The idea appealed to them mainly because they want to raise their two daughters, 5 and 7, in Spokane. She describes herself as a “farm girl from Chattaroy” and she has many relatives in the area.
So she called an old friend, Patricia McRae, the news director at KHQ-6.
“I said, `It’s presumptuous of me to ask, but what if…?”
McRae and KHQ-6 general manager Lon Lee were receptive, to put it mildly.
“It’s a tremendous opportunity for us,” said Lee. “She’s loved and respected and well-known. She just owned this town in the early-to-mid-’80s.”

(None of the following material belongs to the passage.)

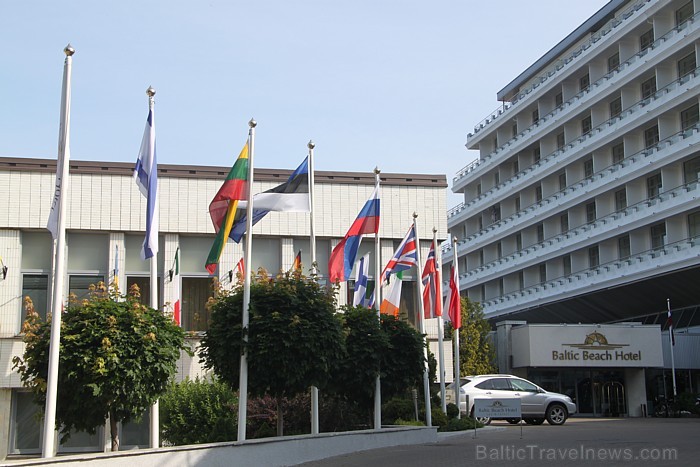 Baltic Beach Hotelpieczvaigžņu viesnīca atrodas slavenajā un tradīcijām bagātajā kūrortpilsētā Jūrmalā www.balticbeach.lv 63755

Monahan’s husband has landed a spot with Fox Sports Net out of Seattle, flying around the Northwest to broadcast games.
She went through a highly publicized personal trauma in 1979, when she became a rape victim during the time of the notorious South Hill Rapist rampage. Then in 1986, her fiance, climber Kim Momb, died in an avalanche.
So in 1986, she felt it was “time to move on.” She went to stations in Sacramento and Seattle before moving to Chicago three years ago. Now, she is returning because of the “quality of life” and the chance to work with longtime friend McRae.
“You go full circle,” she said. “The opportunity to do this is, literally, a dream come true.”